GIVEN INFORMATION START

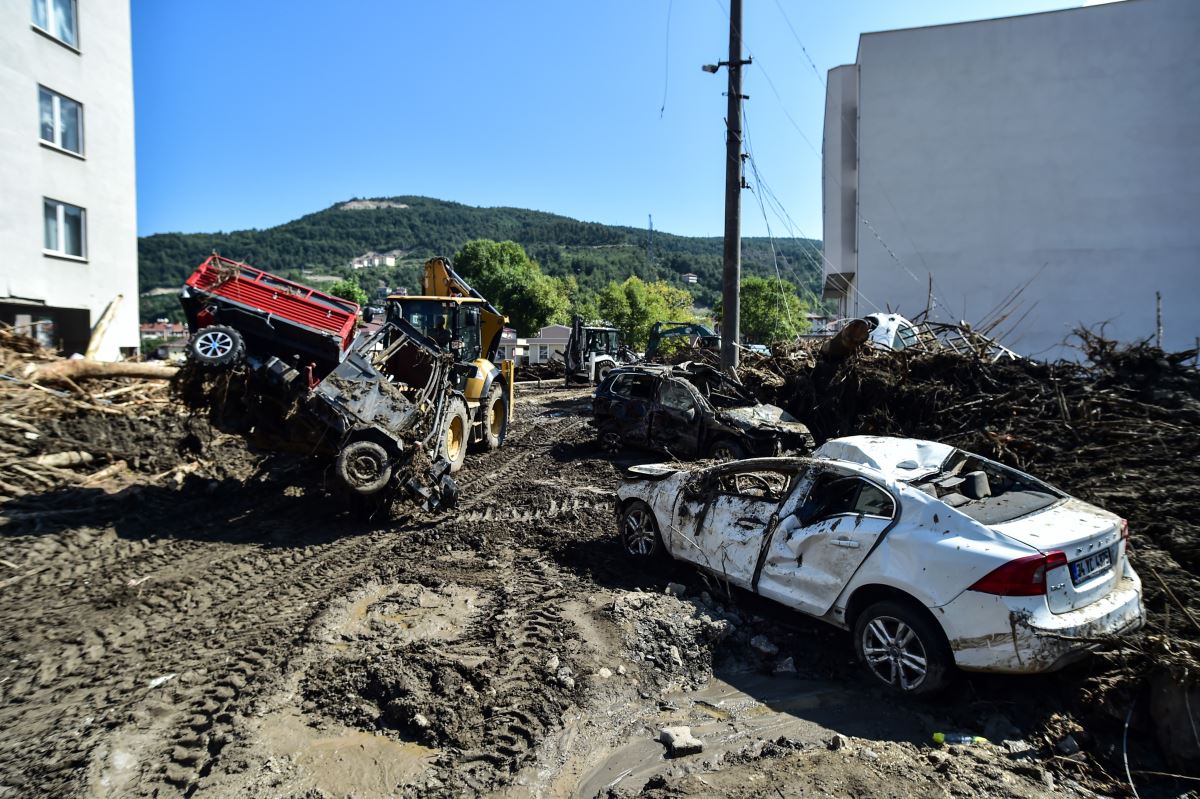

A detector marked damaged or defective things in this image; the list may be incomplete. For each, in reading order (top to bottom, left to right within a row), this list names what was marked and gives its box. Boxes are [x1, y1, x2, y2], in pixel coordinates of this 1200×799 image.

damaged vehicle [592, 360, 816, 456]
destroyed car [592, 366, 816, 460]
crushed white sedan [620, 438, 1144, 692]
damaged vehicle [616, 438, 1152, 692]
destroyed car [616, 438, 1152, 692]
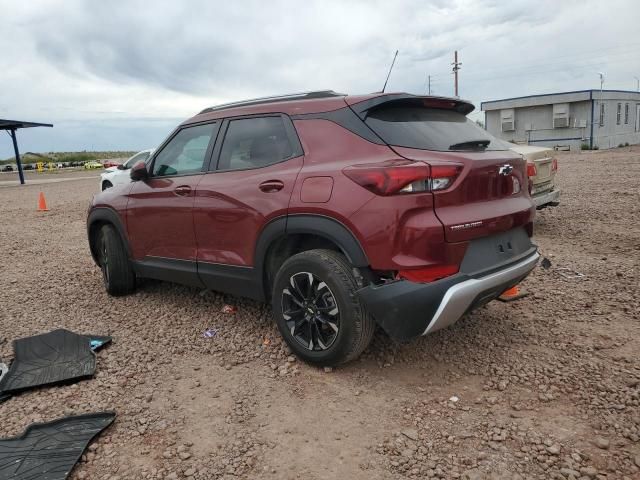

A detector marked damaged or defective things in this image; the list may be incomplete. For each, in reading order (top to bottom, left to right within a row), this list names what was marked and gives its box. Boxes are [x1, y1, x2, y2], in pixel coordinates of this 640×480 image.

GIVEN INFORMATION END

> [WHAT THIS TASK INVOLVES]:
Without the pictures, print all of the records exactly.

> [THE ANSWER]:
A detector marked damaged or defective things in this image; the list may be incomplete. For each, in reading order (top to bottom, left to right within a row), this list names what was marked and gives its box. Boxes are [x1, y1, x2, y2], in pixel coordinates of this 1200×799 image.

damaged vehicle [592, 360, 816, 456]
destroyed car [592, 366, 816, 460]
crushed white sedan [620, 438, 1144, 692]
damaged vehicle [616, 438, 1152, 692]
destroyed car [616, 438, 1152, 692]

A detector marked damaged or defective things in this image; the list may be incomplete. For each, in reading order (top to bottom, left to right within a row), this list names what was marked and gives its box. Boxes are [x1, y1, x2, y2], in pixel coordinates of this 640×480 image.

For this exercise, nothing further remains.